Unfortunately that’s the future of tolls. I went back to tolls because It’s a much easier job than what I had and it still pays 25 an hour. I don’t need the extra money and refuse all OT. But toll collectors are dinosaurs. I came back because I can retire next year if I choose to do so.
I haven’t paid a toll since 1997. Partially because I work for them, but mainly because I do not put myself in a position where I’d have to pay tolls. I live in NJ. And yes, it can be done.
One other thing too. I also never put myself in a position to deal with heavy traffic. NJ is like an ant hill. I’m in my early 50s yet never in my entire life did I have to fight traffic to and from work. It can be done.
I really can’t answer your question. I’m a high school grad that has never had money problems. I don’t know what it’s like to be on a budget or be poor. And I’ve never had a job better than entry level.
Well no ■■■■■ But if you look at the statistics, a living wage for one person isn’t that much an hour anywhere. Might be higher in big cities, but most everywhere else, not that high. It gets much higher when you add dependents. What employer can be expected to pay that?
Oh I get that and a big part of my personal serenity in this area is the ability to travel heavily on the expensive but lighter traffic tolls, and the ability to set a schedule that avoids traffic.
I’m happy for you for that. This is the American Dream. I worry that you’re one of the last who gets it.
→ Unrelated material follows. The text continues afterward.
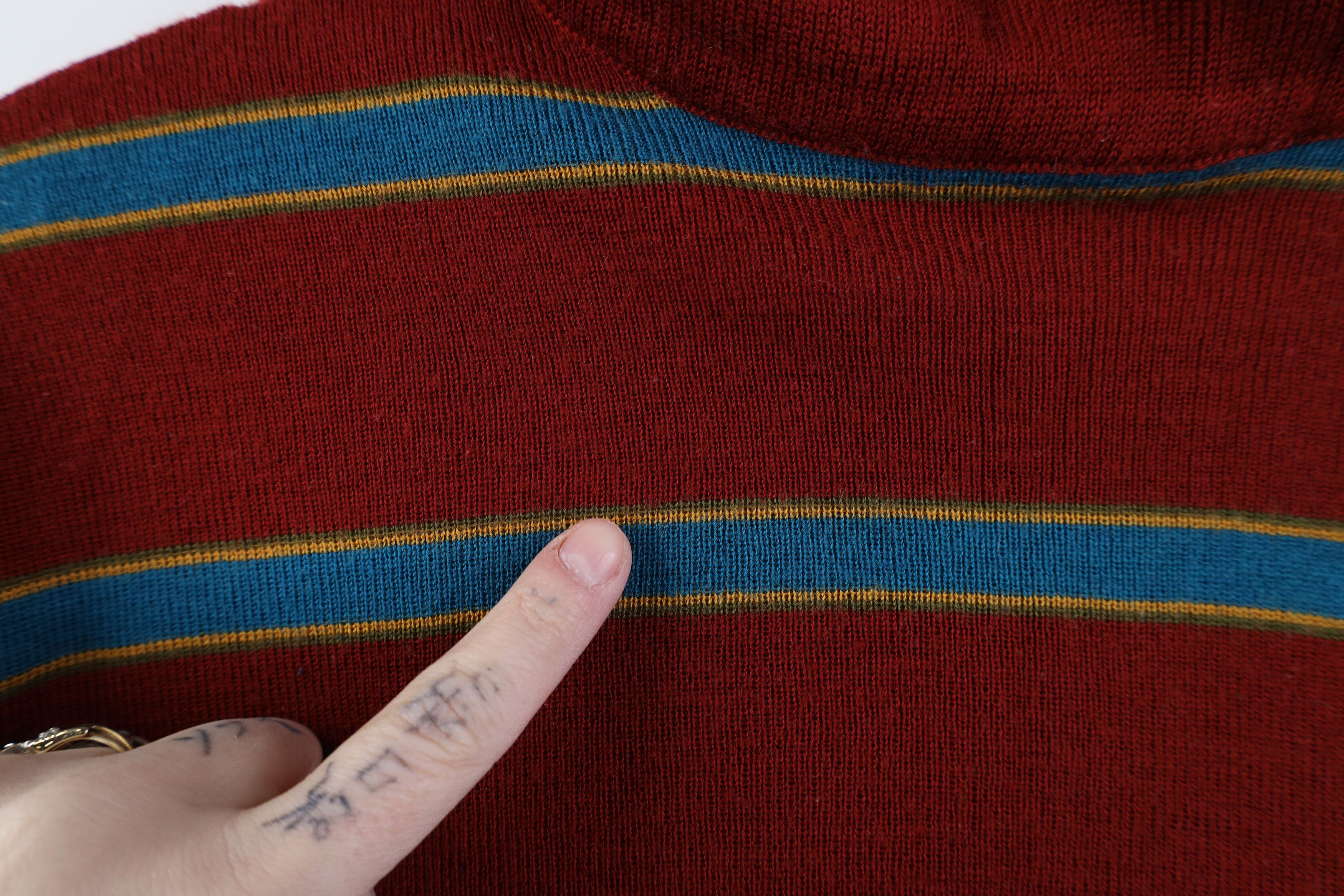 Vintage Vintage 70s Streetwear Blend Knit Striped Turtleneck Sweater Size L / US 10 / IT 46 - 5 Thumbnail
Where I grew up, graduating from the public high school guaranteed you a job at any mill or manufacturing center within 300 miles, and a pay that would afford you 2.5 children and a few acre. But then the local mills got bought out by activist hedge funds who determined it was more profitable to close the them so they could pump prices in Kentucky…whoops, there goes 140 years of community for that shareholder profit.
You don’t have to explain that to me. When I graduated in high school in 1985 I had no need for college. There were plenty of jobs available. Jobs that paid well. I can list half a dozen. I had zero worries. That changed a long long time ago. I would be miserable if I graduated high school right now with the mindset I had back then.
The good ones. I rarely eat fast food but my fav two in the city both pay a livable wage for the area when you include their benefits.
If Walmart and the box stores can’t operate in town while paying its a employees a livable wage then they can get out.
If Bob’s Cleaner’s can’t keep a roof over their employee’s and Bob’s heads then Bob has gotta get off his ass, sell the corvette and start scrubbing too.
If a business can’t even support its employees, or the community its in, then how is it not a leech?
You’re forgetting something very important. Keep in mind that I’m with you for the most part. You can only pay the person working for you, you can’t account for their dependents. That varies per individual. I agree that a business should pay a living wage to the person they employ, but that may not cover their individual expenses. It may not cover their two kids and place they choose to live. You can’t expect a business to do that.
If you look at the living wage calculator for NJ that’s about right for a single person. It’s 10-12 dollars an hour for a single person. It may have gone up a few dollars since I last checked, but not too much. It’s when you add dependents it skyrockets. A single person with two dependents goes to over 30 dollars an hour.
I was never richer than in the late 80s when I was making 35-40k a year and still living at home rent free.
The only expenses I had was gas and car insurance. Sometimes my mother would pay that if she saw the bill first. I had more money than I knew what to do with. Then you move out and reality sets in. I’ve always lived comfortable and never on a budget, but I have never even come close to that time in the 80s.
That’s right even in NJ I know people who are single no kids are able to get by on $10/hr. The crazy thing today in a state like NJ, the cost per child for education, healthcare, food is around $50,000!
If you job made the same pay as sweeping floors in a grocery store, would you continue working where you are, or would you go sweep floors at a grocery store?
Sweeping floors at a grocery store is a minimum wage job (don’t ask how I know)…so if they raise the minimum wage to the point where it’s equal to what you’re currently making, you will need a raise or you will leave (which you just admitted).
Multiply that by the entire workforce, and add in the business owners, and you have prices going up. And everybody is in the same boat as before.
Raising the minimum wage is feel good legislation and nothing more.